Yeah. Because the two guys who were arrested are the best source for what really went down. Do you honestly think that if they were offensive, abusive, threatening, etc, that they'd say that in an interview? "I didn't do anything!" is a pretty standard response, no matter how much that person did a whole lot of things.
Having said this, that does not prove anything, in either direction. It's possible that these guy's account is 100% accurate, and the store manager is just a horrible racist who immediately asks black people to leave the store without even waiting more than 2 minutes. It's... possible.
But if that was the case, this would have literally happened a dozen or more times, every single day she worked a shift. Where are all the people popping up and talking to the media about how they got similar treatment from the same store manager at the same store? I guess my issue with this is the massive amount of coverage of what happened after the cops showed up, and tons of speculation about what lead up to this, what kind of bias caused it, and tons of claims that "if a white person had done X, Y, or Z" this wouldn't have happened, but no actual facts to back any of that up.
One of them asked to use the restroom at that point and was refused because they had been sitting there for so long not buying anything.

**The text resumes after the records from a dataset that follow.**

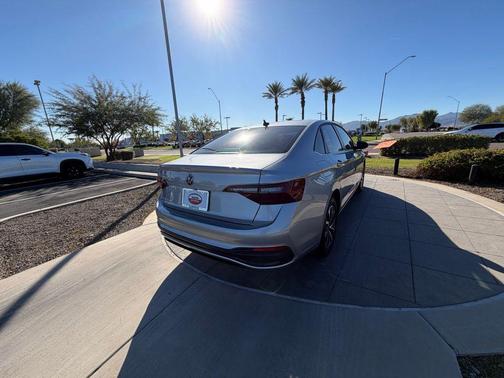2022 Volkswagen Jetta 1.5T S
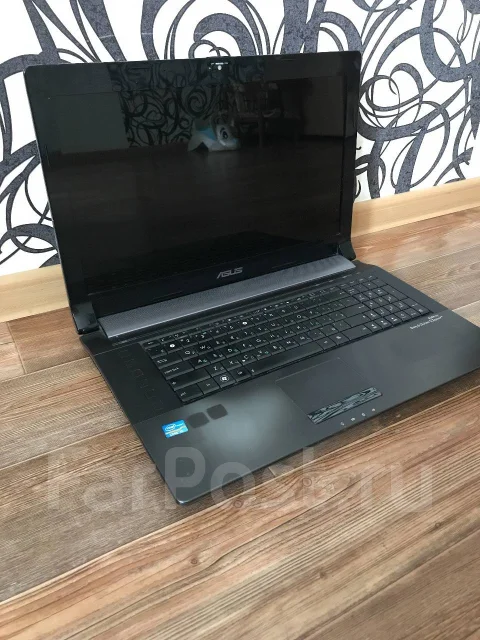 Asus N73SV. 17.3", 2,3����, ��� 6 ��, ���� 1 000���, WiFi: 1, Bluetooth: 1, ����������� �� 2��. ����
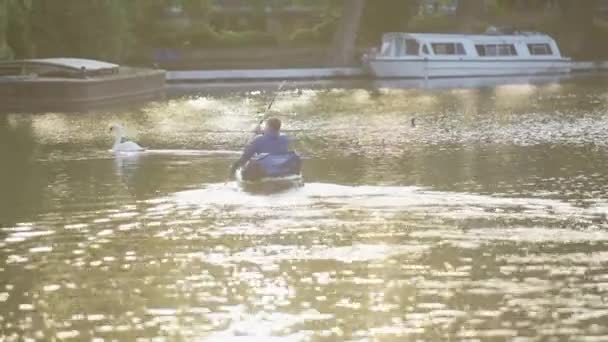 Bright Afternoon Sunlight Shines Urban Kayaker Canals London Slow Motion — Video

Seriously? Who does this? You're clearly making stuff up.
As I said in my earlier post, finding hard facts on what occurred prior to the cops showing up is pretty much impossible, but I've run across several references suggesting that the two men were there for 2 hours waiting for their friend to show up. I don't know if this is just folks guessing, or estimating, or what, but that's the only reference I've gotten that suggests any sort of timeline to this. Obviously, since yesterday's interview, there's tons of reporting repeating their claim
that it was only two minutes, but that's all based on their side of the story. We have yet to hear the store manager's side (and sadly, likely never will since I'd assume she's too afraid to speak publicly at this point, which said a lot about the mob rule mentality of events like this).

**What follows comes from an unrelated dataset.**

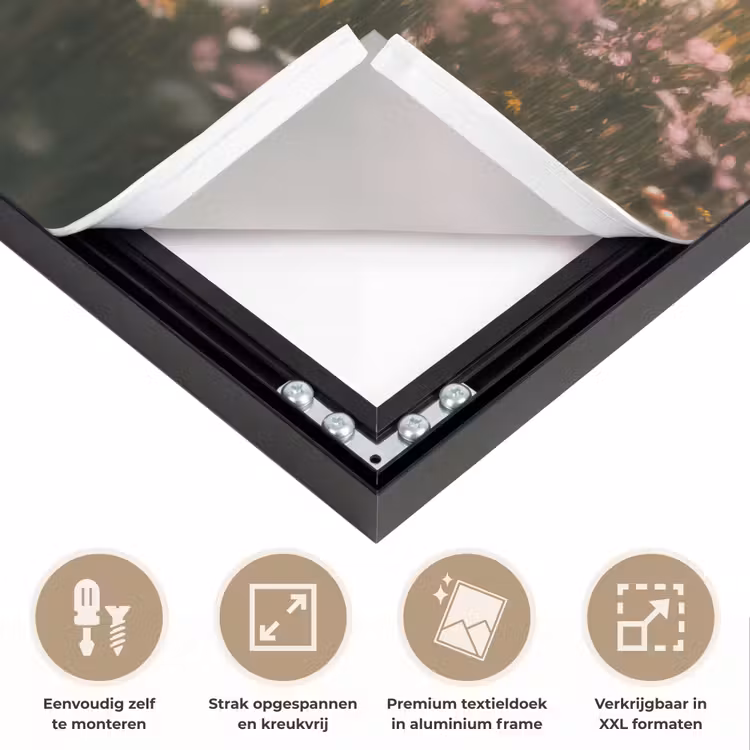 Hert - Wilde bloemen - Bos Textielframe zwart klein -USP_feed_closeupNL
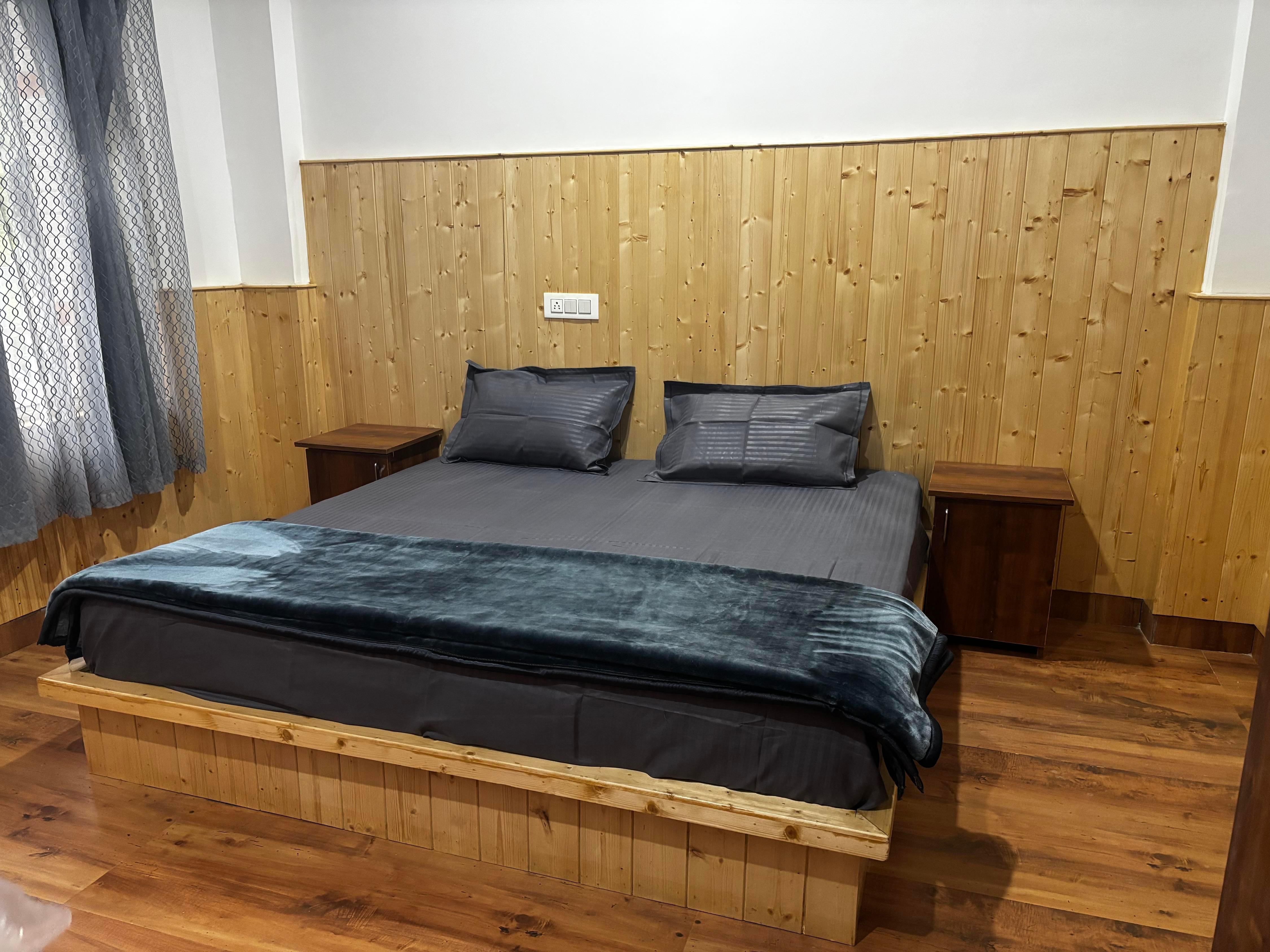 Pahadi paradise Room Type - Bedroom 4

Again, I'm basing this more on common sense and my own long experience both working in retail establishments, and being a customer of them. In about 8 years of working at an open to the public retail outlet, I've never once seen the cops called on a customer unless the customer was being rude, violent, or offensive to the staff and/or other customers. And it never occurs in anything remotely like 2 minutes time. The last thing the employees want is to have to call the cops on someone. I suppose it's possible that she as just having a really bad day and they happened to trigger her somehow, but to suggest that their own actions had nothing at all to do with the outcome is laughable. Even after the cops showed up, they were given the opportunity to simply walk out of the store. They refused. So yeah, there was more to it than what they are claiming.
I haven't had a chance to watch the full interview, but from the bits and quotes I've read, there's a bit of BS going on. The one guy claiming he didn't know what was going on or think it was serious until he was in cuffs? Um... That's directly contradicted by multiple other sources, stating they were repeatedly asked to leave, told what would happen if they did, and at least a few stating that they responded to the police with curses and yelling. So no, I'm having a bit of trouble accepting their side of the story as total truth.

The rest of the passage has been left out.